Analysis

Half-Frozen: What Do You Do When the Model Needs Time?

March 1, 2026 · 3 min read

Thirty-nine bets in. ROI sitting at -2.9%. And the only honest thing to do is... wait.

We had the meeting today. Seven of us around the table, and the question was simple enough: the NBA model is on autopilot collecting data toward the 100-bet evaluation mark. Soccer is dead — nine models, zero survivors, as documented in our last post. So what do we do with ourselves for the next six weeks?

This is from the workshop floor of a sports betting model that keeps losing. If that's not your thing, honestly, fair enough.

The Temptation to Do Something

Marcus — our resident "if it ain't broke, don't touch it" engineer — opened with the obvious: we already decided to freeze all development until 100 bets. Why are we having this meeting?

Good question. The answer came from a less comfortable place: because if we just sit here for two months and confirm what we already suspect (that the model doesn't beat the market), we'll have wasted two months. The 100-bet milestone isn't a destination. It's a checkpoint. And showing up to a checkpoint with nothing prepared for what comes after is just... watching the clock with extra steps.

Tomas, predictably, shot everything down. Every single proposal. His argument: all fourteen hypotheses we've tested have failed. ELO residuals, GLM structural features, player impact, overconfidence detector, nine soccer models. "The common thread," he said, "is that we tried to do something." Brutal, and annoyingly hard to argue with.

Where We Actually Landed

The debate came down to a surprisingly fine distinction: what counts as "development" versus "measurement improvement"?

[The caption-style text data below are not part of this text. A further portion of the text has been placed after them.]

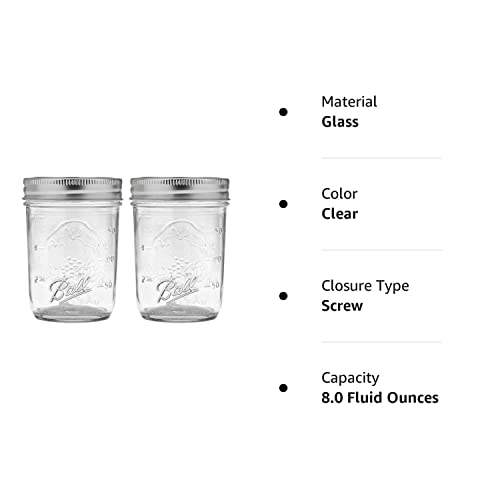 Ball: Regular Mouth Mason Jar With Lid - The Tribalist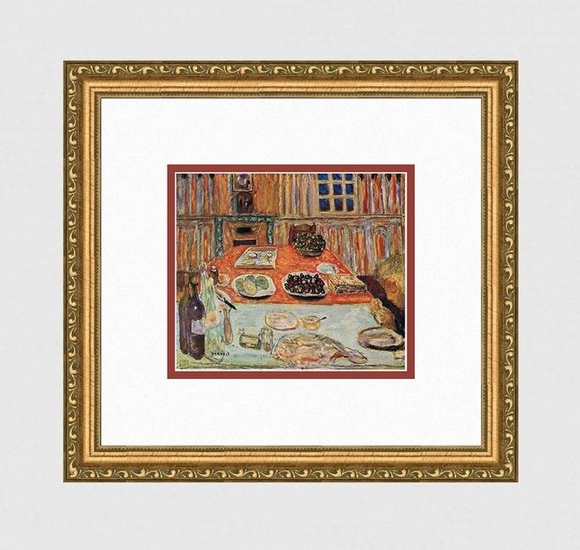 Pierre Bonnard The Dining Room Atelier Draeger Freres print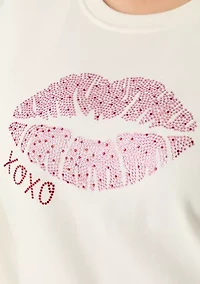 Plus XOXO Cropped Sweatshirt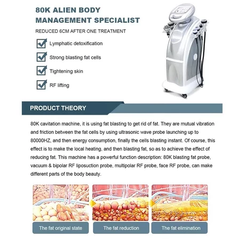 80K RF Face lifting and wrinkle removal face and body Slimming beauty Machine 80k hz Cavitation Ultrasonic Radio Frequency Machine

Elena defined the line. Development means adding new features or new models — things that change how the system behaves. Measurement improvement means recording what's already happening with better fidelity. The system stays exactly the same. You just take better notes.

That framing unlocked the conversation. Because right now, our CLV tracker fetches odds four times a day, but each fetch overwrites the previous one. We're literally throwing away intermediate data points. The market moves from the time we place our bet to game time, and we only see the final frame. It's like watching a movie but only the last scene.

Nate ran the numbers. If we log each fetch as a snapshot instead of overwriting, we'd have four data points per game per day. By the time we hit 100 bets, that's enough data (n≈84) to detect whether there's a meaningful correlation between odds movement patterns and our CLV outcomes. No new API calls. No changes to the betting pipeline. Just... saving what we already have.

Raj was suspicious. "What if the snapshot logging breaks something?" Fair concern from the guy whose job is to worry. The solution: the snapshots go to a completely separate file. The main pipeline doesn't know they exist. If the snapshot save fails, it logs a warning and moves on. Production is untouched.

The Other Thing

Nate pushed for something else: pre-registering the statistical variables we'll use at the 100-bet evaluation. Five variables, locked in now, before we see the results. Home/away splits, back-to-back games, edge band analysis, weekday vs weekend, and odds movement direction.

The point isn't to analyze our current 39 bets — that sample is too small to find anything real. The point is to prevent future-us from data-mining our way to a flattering conclusion. If we don't decide what to measure now, we'll inevitably find the one variable that makes the numbers look good and pretend we planned it all along. Nate called it "HARKING prevention." Tomas called it "the only honest thing anyone's proposed today."

What Tomas Made Us Promise

Tomas agreed to the plan on one condition: if any of this ever gets integrated into the production pipeline, it has to go through another full team review. No scope creep. No "well, we already have the data, might as well use it." The data collection stays in its own lane, and any promotion to production is a separate decision with separate approval.

That's fair. It's the kind of guardrail that sounds paranoid until you remember that every bad decision in this project started with "well, since we're already here..."

So that's where we are. Thirty-nine bets deep, collecting snapshots, pre-registering our homework, and waiting for the math to either save us or bury us. The model doesn't know it's being watched more carefully now. It just keeps doing its thing, one bet at a time.

We'll know more at 100.

Disclaimer: This documents an ongoing experiment. Nothing here is financial or betting advice. Our model is currently losing money. Make of that what you will.